To celebrate the halfway-mark of the Strictly Writing Award (see over there on the right for full Rules and Regs), we asked successful short story writer, Nik Perring what his advice would be to any aspiring writers out there who were thinking of turning one in to us, and here's what he had to say:
I’ve been writing short stories for a few years now, with reasonable success. I’ve also, over those few years, talked to a lot of people about short stories and it seems to me that a lot of those people are, somehow, scared of them. A bit like poetry. It’s as though there’s a secret you need to get them and an even bigger, magical, one you need to be able to write them. Well, I’m here to tell you that’s not true. Anybody can write and read short stories, and if they want to, they should. Or at least give them a try.
There’s no magic formula I can share with you that’ll make you write great short stories. I wish there was. If there was one it’d save me an awful lot of time. What I can tell you, though, are a few things that work for me.
Writing short stories, really, is no different to writing novels – the same principles apply. The only difference is that short stories are, well, simply shorter. And I think that can be daunting to some people – it really needn’t be.
Here are some thoughts and suggestions that, I hope, will help.
So. Where to begin? If you’d have asked the wonderful Kurt Vonnegut (whose short stories are brilliant), he’d have said ‘As close to the end as possible’. And I’d agree with that because it means we’ll be starting the story at a point where things are getting interesting.

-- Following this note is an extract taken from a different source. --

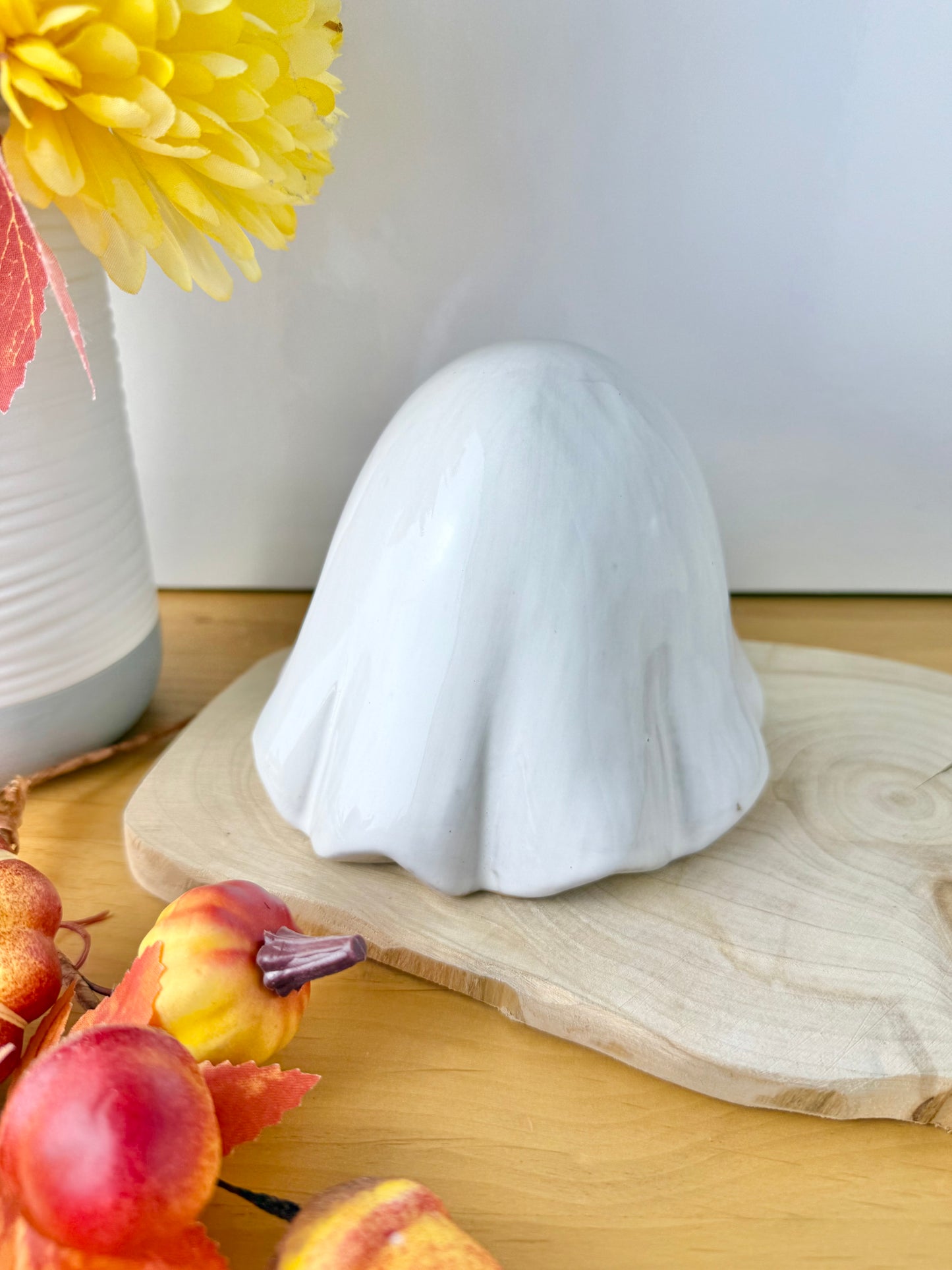 Light up Ceramic Ghost - 2 sizes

Most importantly, you need to find something or someone interesting to write about. I often find that asking myself ‘What if?’ questions help: What if someone suffered from an illness that meant they couldn’t actually stop moving?; What if someone chose to decorate their walls with Post-it notes? What if the only way a woman could shut up her husband was by taking off her clothes? That kind of thing works for me and allows me to write the story to find out the answer. It could work for you too...

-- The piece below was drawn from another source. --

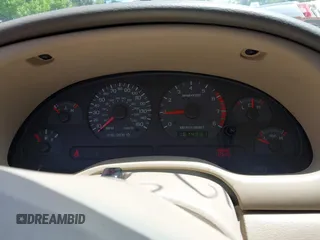 2003 Ford Mustang GT Deluxe z VIN 1FAFP45XX3F417295, wystawiony jako IAAI lot #42229765 z przebiegiem 161 488 mil mil oraz . Historia ofert i sprzedaży dostępna na DreamBid. Obrazek 7.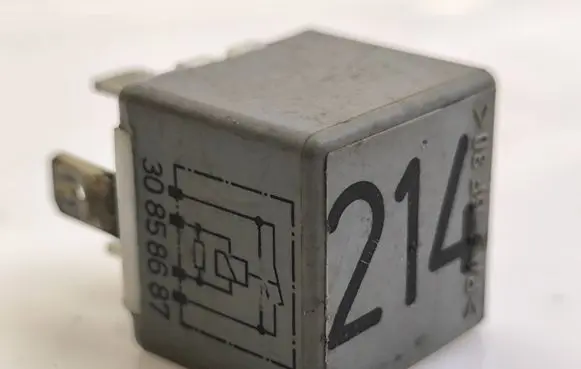 Audi A4 S4 B5 8D Other relay 443951253K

One of the most common worries I’ve found people have when they’re thinking about writing short stories (or not writing them!) is that of word count. ‘But how long is a short story?’ they’ll say. ‘How long should one be?’

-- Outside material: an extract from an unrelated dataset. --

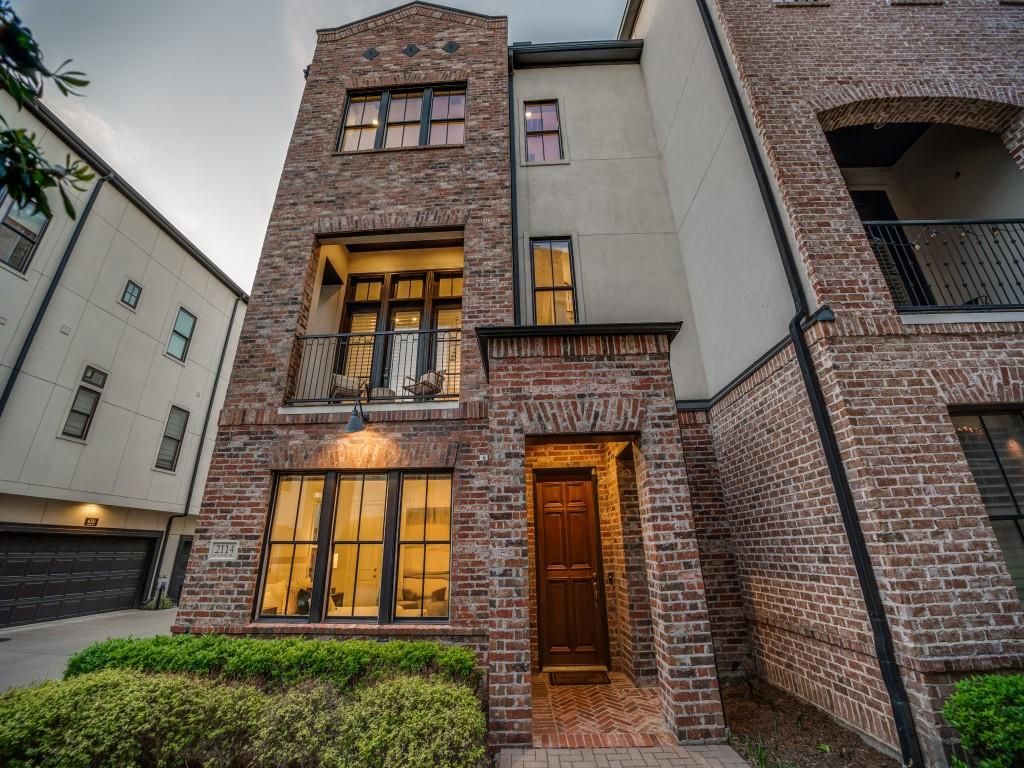 spring dallas real estate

And my answer to them. One: Stop Worrying! And two: It’ll be as long as it is.
I honestly never worry about word count. The important thing with any story (and I’d include novels here as they’re stories too) is that, as writers, we should allow them to become what they should be. We tell the story as best we can without giving a second thought to length. The moment we start to pad things out, or cut things, for the sake of the length is the moment when the story will stop working, where it’ll get bent out of shape. And that’s the last thing we want to happen. Don’t forget that once you’ve written a first draft, the parts that need more explanation or that need to go will become apparent and can be fixed – but that should only be for the story’s sake and not so it fits in with any imposed word count.
But, if you want some guide as to what sort of shape (or length) a short story should be, I’d point you in the direction of a collection of fairy tales.
What I also find really useful, and this probably a very obvious one, is reading good contemporary shorts to see what people are doing are how they’re doing it. (I’d recommend reading people like Aimee Bender (I interviewed her about this sort of thing here (http://nikperring.blogspot.com/2010/07/aimee-bender-interview.html) ), Etgar Keret, Sarah Salway, Michael Czyzniejewski, Mary Miller, and Amy Hempel.)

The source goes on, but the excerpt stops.